Archive for the ‘Abertura-Opening-はじめに’ Category

20 De Outubro
Pois esta é a vontade de Deus, a vossa santificação“, 1 Tes.4.3

A questão não é se Deus me quer santificar, mas, acima de tudo, se sou eu quem quer ser santo e santificado. Estarei disposto a deixar que Deus opere em mim tudo o que ele realizou através da expiação e ainda está ao meu dispor durante um certo tempo? Estarei disposto a deixar que Jesus Cristo se torne a minha santificação, (1Cor.1.30) e que a vida dele se manifeste em meu corpo mortal aqui e agora ainda? Tenha cuidado para não andar por aí afirmando: “Como estou ansioso por ser santificado!” Por certo não está. Pare de desejar e passe à acção directa com Deus. Receba a Jesus num acto de fé resoluto, para que ele se torne santificação dentro de si também e a grande maravilha da expiação de Jesus também se tornará real na esfera de toda a sua vida.
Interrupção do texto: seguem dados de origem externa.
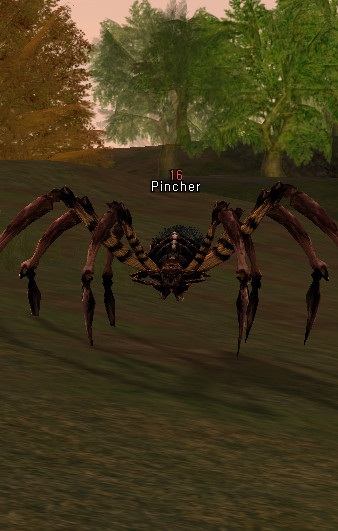 NPC Паук Захватчик Lineage 2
Tudo quanto Jesus nos oferece pela sua morte torna-se nosso como um dom gratuito e amoroso da parte de Deus para mim. Minha atitude como pessoa salva e santificada é a de uma santidade profunda, incondicional e humilde (santidade orgulhosa é coisa que não existe) – uma santidade baseada num arrependimento profundo e honesto, num sentido de inexprimível vergonha e degradação quando passei sem ele; e, também, na maravilhosa compreensão de que Deus provou para comigo em seu amor através do facto de que, mesmo sabendo que eu não me importava absolutamente nada com ele, tudo fez pela minha salvação e santificação ainda assim, Rom.5.8. Não será de admirar que Paulo diga que “nada nos poderá separar do amor de Deus, que está em Cristo Jesus nosso Senhor”, Rom.8:39.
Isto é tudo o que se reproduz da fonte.